Coronavirus: United Kingdom fears Twickenham rugby match could be Omicron variant superspreader event

More than 80,000 rugby fans who attended a match last weekend are being urged to get tested for COVID-19 in a bid to stop the spread of the new variant Omicron.

Spectators of the England v Springboks match at Twickenham had to show proof they were double vaccinated and had tested negative in the past 48 hours.

But there are concerns over some of the fans who flew in for the event from South Africa, given the Omicron variant has been spreading in the country.

This latest variant was first found in Botswana and spread through southern African countries. It was then first reported to the World Health Organization (WHO) from South Africa on November 24.

Preliminary evidence suggests that there's an increased risk of infection with the variant compared to others, WHO says, and Omicron has been detected as growing at a faster rate than other surges in infection.

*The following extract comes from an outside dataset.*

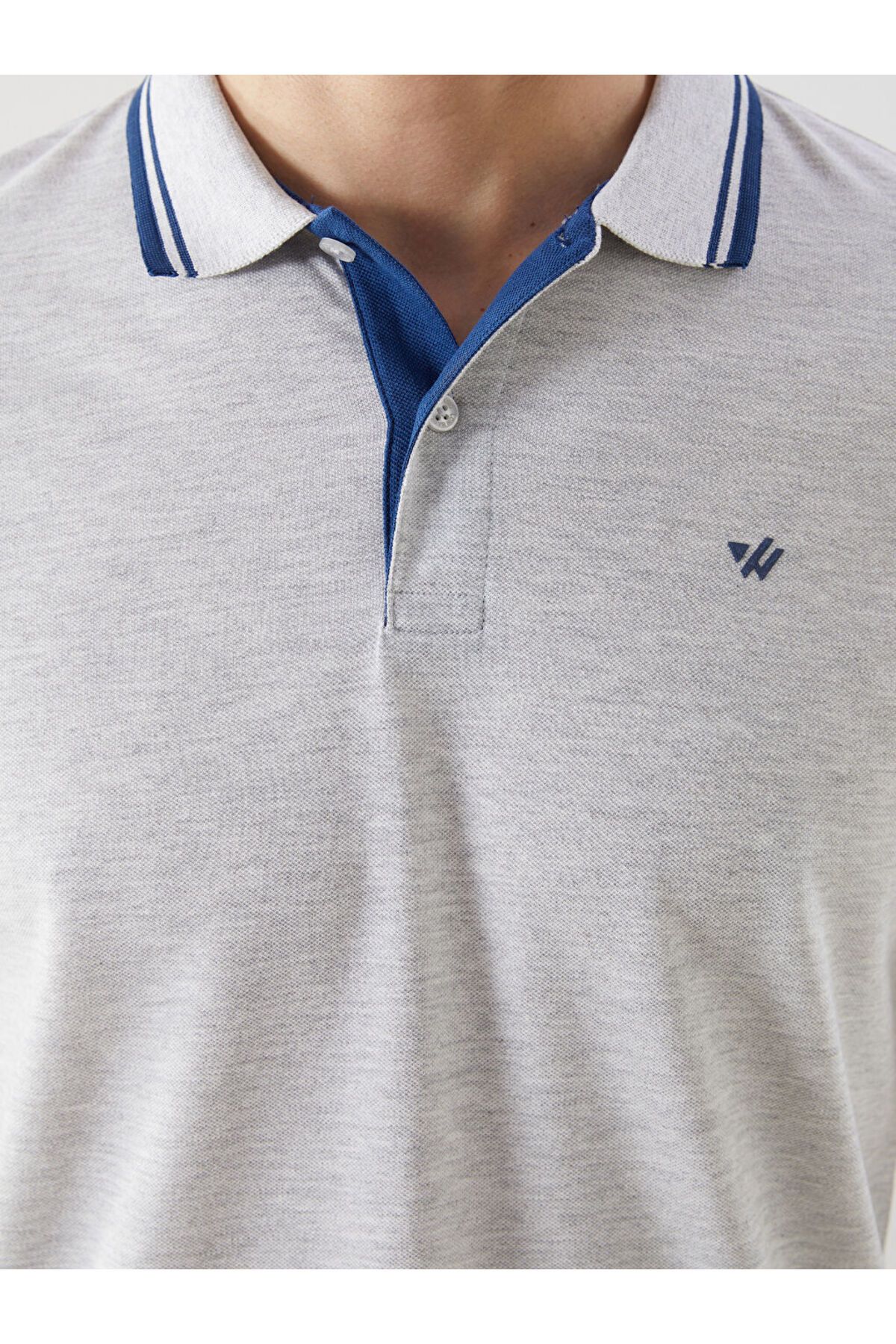 LC Waikiki-New Season Polo Neck Pique Men's T-Shirt - S5Fs96Z8 3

High numbers of Omicron cases in South Africa means there should be extra vigilance around the rugby match, MP for Twickenham Munira Wilson says.

"While I'm confident the RFU [Rugby Football Union] will have had the necessary protocols in place to prevent any potential spread, this serves as a reminder that we all must remain vigilant in the fight against this virus," the Telegraph reported her as saying.

"Those who had flown in for the match and anyone who was in and around the stadium that day who has concerns should follow UK Health Security Agency advice in coming forward and getting tested.

"More broadly, the emergence of this new variant stresses the need to donate vaccines through the COVAX programme. Ministers must spring into action and recognise no one is safe from COVID until we all are safe."

Health officials may need to track as many as 9000 people who may have arrived from South Africa in the UK since the new variant emerged.

Two people carrying the variant have been identified in the UK - one in Chelmsford, Essex and the other in Nottingham - but none have been found in the London area around Twickenham yet.

In an effort to help curb the spread of Omicron, the UK government has introduced a 10-day hotel quarantine for arrivals from 10 southern African countries. These are South Africa, Botswana, Lesotho, Eswatini, Zimbabwe, Namibia, Malawi, Mozambique, Zambia, and Angola.

New Zealand has imposed a similar restriction and is requiring arrivals from South Africa, Namibia, Zimbabwe, Botswana, Lesotho, Eswatini, Seychelles, Malawi, and Mozambique to spend 14 days in managed isolation, as opposed to the now-standard seven-day stay. Only New Zealand citizens from these countries will be able to enter Aotearoa.